Sono passate 80 ore dall'inizio della rapina e il Professore non risponde alle chiamate: la cosa preoccupa il gruppo perché si erano accordati con lui per fare una chiamata di controllo ogni 6 ore e, in caso di assenza di risposta dopo 24 ore, probabilmente allora vorrebbe dire che è stato arrestato. I rapinatori iniziano a pensare che all'esterno deve essere accaduto per forza qualcosa di cui loro sono all'oscuro. Il gruppo viene a sapere che Berlino fa sesso con Ariadna, e che questi è convinto che lei sia attratta; e che Denver fa sesso con Monica, cosa che sconcerta Mosca, mentre Nairobi gli spiega che la ragazza forse ha sviluppato la sindrome di Stoccolma.

Tokyo attende Rio in bagno. Il ragazzo ha sottratto 460.000 euro da nascondere dietro una piastrella, con l'obiettivo di recuperarli anni dopo assieme a lei. Tokyo implora Rio di consegnarsi alla polizia qualora le cose dovessero andare male, ma il giovane rifiuta categoricamente e giura a Tokyo di rimanere accanto a lei fino alla fine.

Mosca convince il figlio a lasciare Monica, e lui inizia a trattare male e freddamente la ragazza, sperando in un suo distacco.

L'ispettore Vicuña indirizza le indagini verso il camino, poiché certo che la scena sia stata ricostruita ad arte: spiega che tutte le prove utili sono state bruciate, e spera di trovare delle tracce nella cappa. In effetti viene trovato un frammento di quello che il Professore bruciò la sera prima dell'attacco: articoli di giornale riguardanti suo padre e sue foto da bambino, mentre parlava con Berlino. Alla fine, Salvador chiede un passaggio ad Alberto per tornare vicino a Madrid.

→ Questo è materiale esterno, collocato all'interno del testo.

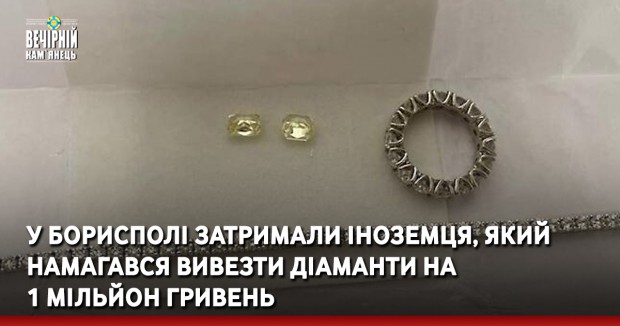 У Борисполі затримали іноземця, який намагався вивезти діаманти на 1 мільйон гривень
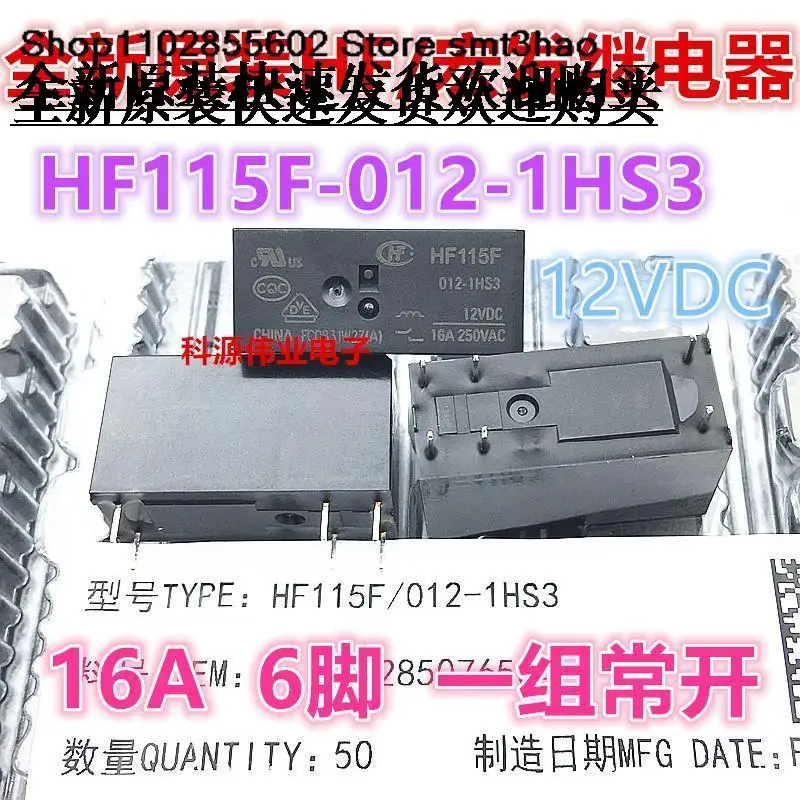 

HF115F-012-1HS3 JQX-115F-012-1HS3 6PIN16A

Il gruppo vede le immagini del telegiornale, col Professore al casale: convinti che lo stiano arrestando e interrogando, Berlino vota per attendere lo scadere delle 24 ore e poi attuare il "piano Chernobyl" e con lui sono Nairobi, Mosca e Helsinki, mentre Tokyo propone di prendere i soldi stampati e scappare, d'accordo con Denver e Rio. Alla fine, Tokyo, Denver e Rio irrompono nell'ufficio di Berlino e lo prendono in ostaggio, mentre Helsinki soffoca definitivamente Oslo, compagno di tante battaglie, per terminare le sue sofferenze.

Episodio 15
Trama
Berlino è in ostaggio di Tokyo con l'aiuto di Rio e Denver. Tokyo vuole sapere i dettagli del "piano Chernobyl", il piano da attuare solo in caso di emergenza, e per farlo lo tortura rompendo alcune boccette del suo farmaco e giocando alla roulette russa con lui. Berlino viene salvato da Mosca e da Nairobi, la quale viene derisa da Tokyo sul proprio proposito di riprendersi suo figlio, che ormai è cresciuto, con nuovi genitori e non la riconoscerebbe. Una volta liberato, Berlino si vendica, mandando Helsinki a catturarla, legarla su un carrello che viene spedito fuori dalla zecca Tokyo, alla mercé della polizia. Una volta catturata, Tokyo ricorda gli insegnamenti del Professore sul prendere sempre più tempo possibile: così fa anche con Raquel, giunta al quartier generale. È lunedì, ore 18:32. Sono passate 81 ore dalla rapina.

Frattanto, Salvador è in auto con Alberto. In un primo momento finge di avere un attacco di diarrea: si fa accompagnare dietro il muro di un cimitero dove recupera un frammento di un giornale; ripartiti, lo provoca svelando di sapere sia della relazione con la sorella di Raquel, sia con la maestra della figlia. Alberto ferma l'auto e lo sfida a botte, ma Salvador è, inaspettatamente, esperto di arti marziali e lo fa svenire: approfitta di questo lasso di tempo per sostituire il frammento di giornale che Alberto ha recuperato dal camino. Una volta rialzatosi, Alberto arresta Salvador per aggressione a pubblico ufficiale, consegnandolo al commissariato. Al Professore vengono prese le impronte digitali e mentre è lì che aspetta di essere messo in cella, scopre che Tokyo è stata arrestata dalla polizia.

Nel frattempo Berlino spiega al gruppo che ha dovuto abbandonare Tokyo ma non convince Rio, che prende posizione contro di lui e decide di andarsene. Berlino, con un trucco, inietta una droga a Rio, che sviene. Intanto Raquel comincia ad interrogare Tokyo.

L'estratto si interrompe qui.